Walmart’s Earnings Will Reveal How Well Its War With Amazon Is Playing Out

Walmart

Everyone knows the old joke about Whole Foods — the grocery store so expensive that it might as well be called “Whole Paycheck.” Whole Foods always maintained that nickname was unfair — but after the $6 asparagus water incident in 2015 it was hard to take those denials all that seriously.

No one makes that joke these days. As of 2019 when someone is talking about “whole paychecks” and Amazon, it’s not a joke so much as an explanation of the firm’s approach to the market. Which means for those who want to compete with Amazon — most notably Walmart — there is no time for kidding around. Instead Walmart has been gearing up for a battle royal — and as of tomorrow when its earnings hit the wires, the world will get an update on just how well things have been proceeding.

The War For Market Share

Walmart has spent billions upping the ante on its digital and omnichannel offerings as it has moved to square off with Amazon for its hold on consumer paychecks. That effort over the last few years — from its $3 billion acquisition of Jet.com to its smaller digital moves like purchasing ModCloth and MooseJaw — has made it obvious Walmart isn’t just interested in expanding its offering for consumers.
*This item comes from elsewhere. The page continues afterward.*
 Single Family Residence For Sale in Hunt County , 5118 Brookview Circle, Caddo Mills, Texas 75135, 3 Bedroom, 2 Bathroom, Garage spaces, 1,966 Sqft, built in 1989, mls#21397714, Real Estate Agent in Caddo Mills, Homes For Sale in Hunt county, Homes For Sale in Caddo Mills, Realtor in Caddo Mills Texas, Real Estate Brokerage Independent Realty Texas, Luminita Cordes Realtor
Walmart is building a new commerce ecosystem.

And when Walmart announces its Q4 earnings tomorrow (Feb. 19) the wide expectation is that the public will get a view into that ecosystem and how it is doing as Walmart offers up an update as to how it fared against Amazon during the 2018 holiday shopping season. Analysts are looking for increases in sales — and slimmer margins — and a set of Q4 results that showcase how Walmart’s investments to take on Amazon and other eCommerce firms are playing out.
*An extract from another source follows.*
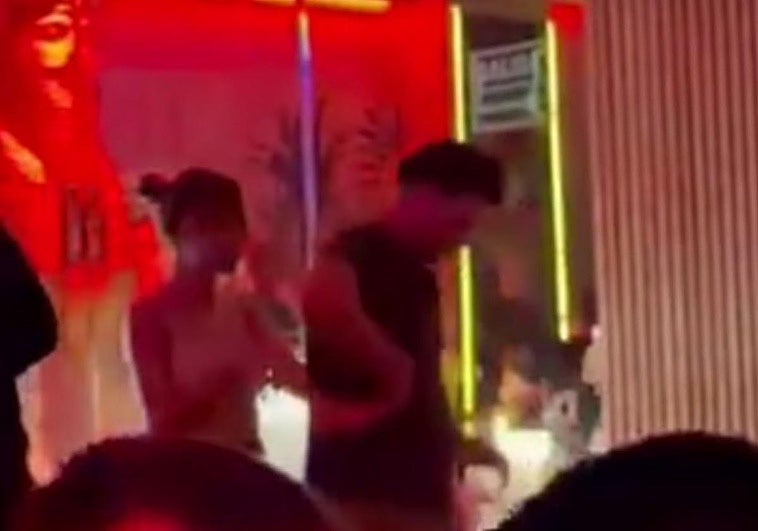 El sensual baile entre Gabriel Rufián y Ester Expósito en un 'after' de Madrid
Because given all the moves Walmart has made in even the last several weeks, it is evident that the state of play is very active.

Some of the more recent of those investments include Walmart’s announcement that it is going into online home furnishings, getting into the tiny home game with Allswell, expanding its buy online, pickup in store (BOPIS) grocery offerings, expanding its grocery delivery options and moved to dramatically expand its private label business.

And that is just the Walmart-centric stuff. Walmart subsidiary Jet.com has recently announced expanded initiatives to attract and retain millennial shoppers, a partnership to deliver seafood with Fulton Fish Market and a meal kit delivery partnership with Blue Apron.

Walmart has been a busy bee for the last 24 months — and is intent on staying one. Because the compeition from Amazon isn’t only coming, it’s growing.

Why Walmart Has Reason To Worry

By the numbers, Walmart and Amazon look pretty evenly matched in the battle for the paychecks of American consumers. Today, based on brand-new PYMNTS proprietary analysis, Walmart accounts for roughly 8.9 percent of consumer retail spending in the U.S. and 2.8 percent of all consumer spending in the U.S. Meanwhile Amazon accounts for 6.4 percent of retail spending and 2.1 percent of the whole paycheck.

The difference is the Amazon share has been growing — both in terms of retail sales and the whole paycheck for the last several years. Walmart’s growth, on the other hand, has been flat. And the story gets worse for Walmart — according to PYMNTS data, that gap is going to narrow and reverse based on current trends that indicate Walmart is losing market share to Amazon in many of the key categories that drive big chunks of consumer retail spending today.

And that, noted Karen Webster in a recent piece, does not even factor in Amazon’s Alexa Voice platform — and the tremendous commerce tailwinds Amazon control via its voice ecosystem. PYMNTS’ latest How We Will Pay study indicates that 28 percent of all consumers own a voice-activated device, and 27 percent of those use it to make purchases.

And that is after about four years.

“If you’re Walmart, those facts — are downright scary,” Webster said.

Walmart Battles Back

Walmart may not be a growth story today, but it is intent on becoming one, with lots of digital investments focused on holding the ground it currently controls — and building out upon it.

Will it work?

That is a hard question — and it will take a lot for Walmart to catch Amazon’s growth numbers, which are hard to describe without using the word remarkable. And the pressure is on — Walmart tossed up same-store sales growth, revenue and earnings figures in Q3 above and beyond analyst expectations, and that it had displaced Apple for the No. 3 digital retailer spot in the U.S.

Investors responded by sending its stock price down 2 percent. The results were good, but investors can see Amazon’s growth numbers as well as anyone, and good is no longer good enough for Walmart — in a race against Amazon the expectations are just higher than that.

But Walmart seems primed to show off its results from Q4 2018. We’ll keep you posted on what it pulls out.